[PROBLEM] Set the listing down exactly; no pictures.

[INFORMATION PROVIDED]
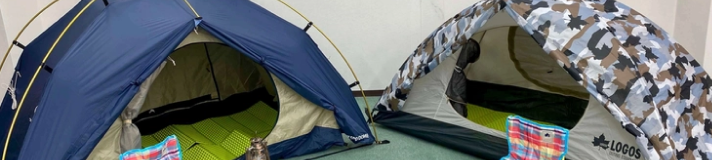 おうち（室内）でキャンプ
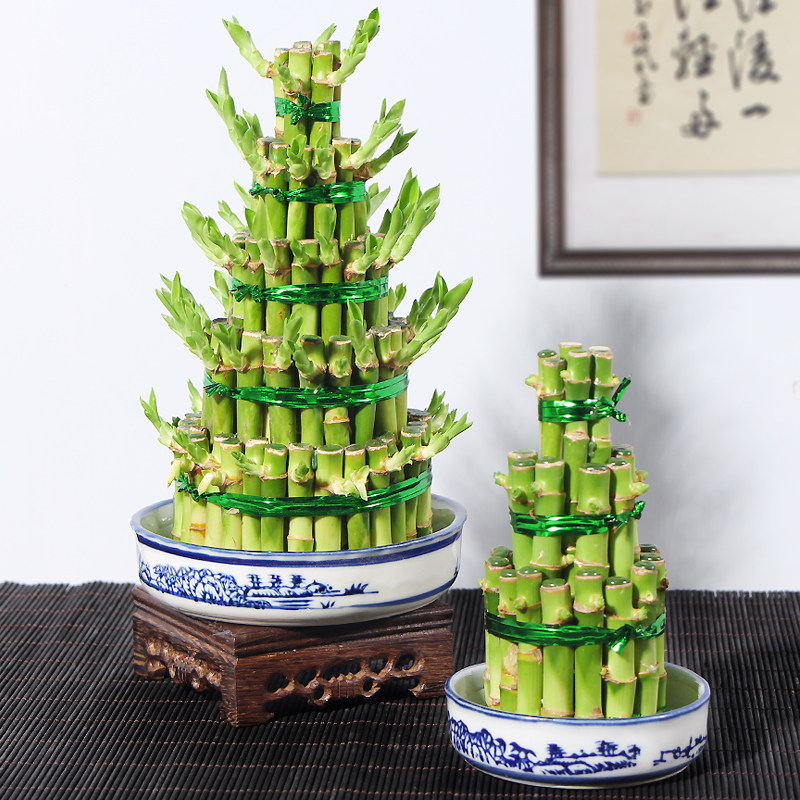 节节高富贵竹塔水培水养绿植盆栽招财转运竹子办公桌开业送礼盆景,淘宝优惠券,粉丝福利购,淘宝优惠卷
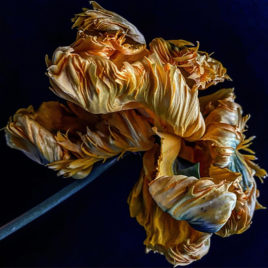 20 TAL LANCMAN « Parrot tulip blossom 2 ». Photographie, 2024 © Tal Lancman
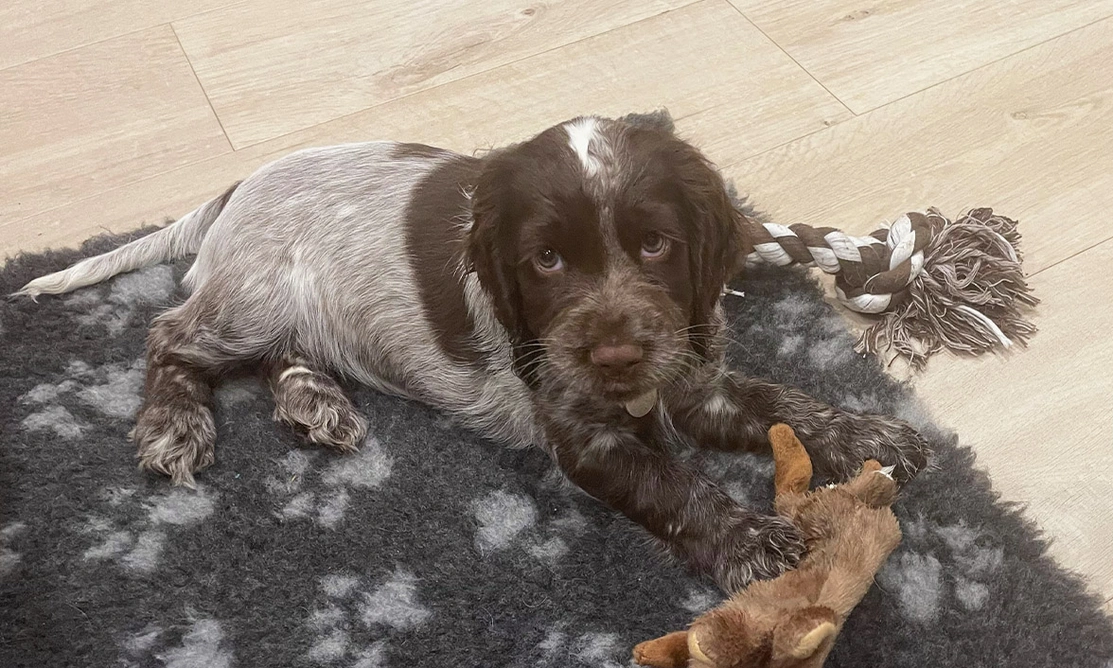 Chocolate roan spaniel puppy laying on fluffy bed with toy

[TASK RESPONSE]
 おうち（室内）でキャンプ
 节节高富贵竹塔水培水养绿植盆栽招财转运竹子办公桌开业送礼盆景,淘宝优惠券,粉丝福利购,淘宝优惠卷
 20 TAL LANCMAN « Parrot tulip blossom 2 ». Photographie, 2024 © Tal Lancman
 Chocolate roan spaniel puppy laying on fluffy bed with toy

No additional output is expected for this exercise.